Después regresó 10 veces, antes de morir de cáncer en 2013. En ese periodo,
Venezuela llegó a ser uno de los mejores clientes mundiales de la industria
armamentística rusa. Entre 2001 y 2011, le compró armas por valor de 11.000
millones de dólares.
A
medida que empeoraba su situación económica, la compra de armas disminuyó de
volumen y los intercambios comerciales pasaron a centrarse de las armas a la
energía. Al principio, los contratos estaban garantizados, en su mayoría, por
las ventas de petróleo venezolano. Pero los acuerdos comerciales fueron
volviéndose más complejos cuando los rusos empezaron a exigir más activos
materiales como garantía. Caracas accedió, y las empresas rusas a través de las
que se realizaban los contratos obtuvieron acciones de las compañías
petrolíferas e incluso el derecho a explotar yacimientos enteros en Venezuela.
Si
bien la relación entre Rusia y Venezuela ha sido siempre esencialmente
económica, la política, tanto nacional como internacional, nunca ha estado
lejos. La decisión del gobierno venezolano de neutralizar a la Asamblea
Nacional democráticamente elegida, que desató una escalada de las protestas
callejeras de la oposición en los últimos meses, se debió precisamente a la
necesidad de obtener un préstamo de Rusia.
La
Asamblea Nacional es la única palanca de poder que no controla Maduro. La ley
establece que todos los créditos internacionales y todas las ventas de los
activos nacionales deben someterse a su aprobación.
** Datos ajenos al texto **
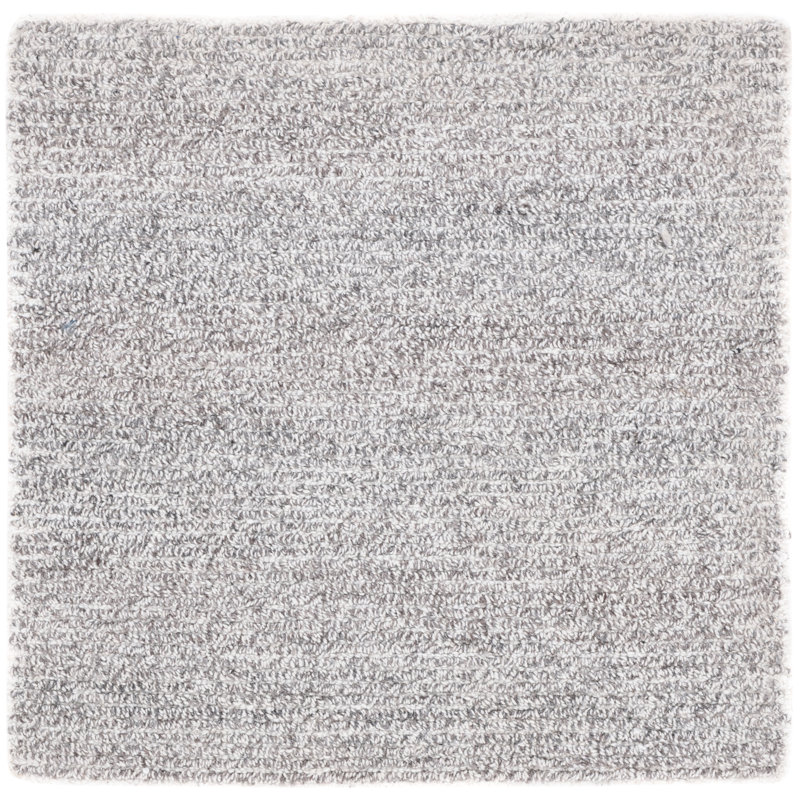 Ebony Hand Tufted Pet Yarn Pile Rug, Rectangle 4' x 6'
Los líderes opositores que
están al frente de la Asamblea son totalmente contrarios a los acuerdos que
estaba ofreciendo el gobierno a empresas extranjeras, en particular a Rosneft,
el gigante energético ruso propiedad del Estado. El gobierno, muy necesitado de
dinero, decidió eludir el trámite e hizo que el Tribunal Supremo, un órgano que
sí controla, emitiera un fallo por el que se hacía con la autoridad de la
Asamblea Nacional, incluida la potestad de aprobar las nuevas transferencias de
activos a entidades rusas.
Hoy,
el gobierno de Maduro está haciendo todo lo que puede para pagar los 5.000
millones de dólares de deuda exterior que vencen en los próximos 12 meses. Con
las sanciones recién anunciadas por Estados Unidos, la empresa nacional de
petróleos, PDVSA, principal fuente de divisas, ha perdido la capacidad de pedir
préstamos a los bancos estadounidenses o europeos para poder pagar o
refinanciar la mayor parte de esa deuda.
En
esas circunstancias, resulta especialmente importante que Rosneft prestara a
PDVSA en abril más de mil millones de dólares; en total, los préstamos y
créditos concedidos por Rusia a Venezuela en los últimos años ascienden a más
de 5.000 millones de dólares.
Además,
Moscú ha ofrecido apoyo político. El ruso fue uno de los pocos gobiernos
extranjeros que aprobó la reciente disolución de la Asamblea Nacional, y los
máximos diplomáticos rusos, como el ministro de Exteriores, Serguei Lavrov,
acusan de forma habitual a Estados Unidos de ser la mano oculta que alimenta la
crisis venezolana. Sin embargo, la ayuda del Kremlin no es barata. Según se
dice, PDVSA está en negociaciones para vender a Rosneft acciones en otros
lucrativos proyectos de gas y petróleo a un precio muy bajo. Y Rosneft ha
arrebatado a la petrolera venezolana la rentable tarea de comercializar el
crudo entre sus clientes de Estados Unidos, Asia y otros lugares.
Después
de los éxitos logrados por Putin en sus hazañas de aventurerismo geopolítico,
la gran pregunta es si está pensando en intervenir también en Venezuela. Como
inveterado oportunista que es, tiene que ser consciente de que las palabras
recientes de Donald Trump sobre las posibles opciones militares para resolver
la crisis venezolana no eran más que vanas amenazas. En las agitadas calles de
Caracas, también está cada vez más claro que el régimen controla la situación y
que no parece que vaya a caer a corto plazo.
Lo que
no sabemos es si el Kremlin podrá permitirse los costes económicos y políticos
de mantener a Maduro en el poder. Pero nos sorprendería que Putin deje pasar la
oportunidad de ejercer su influencia en el patio trasero de Estados Unidos y,
de paso, conseguir buenas fuentes de ingresos. En Siria, Putin dio la vuelta a
una guerra civil caótica e impidió que Estados Unidos lograra su objetivo de
cambiar el régimen.
Tal
vez dejar al descubierto la vaciedad de la pomposa política exterior del
gobierno de Trump en Venezuela sea, por sí solo, suficiente recompensa.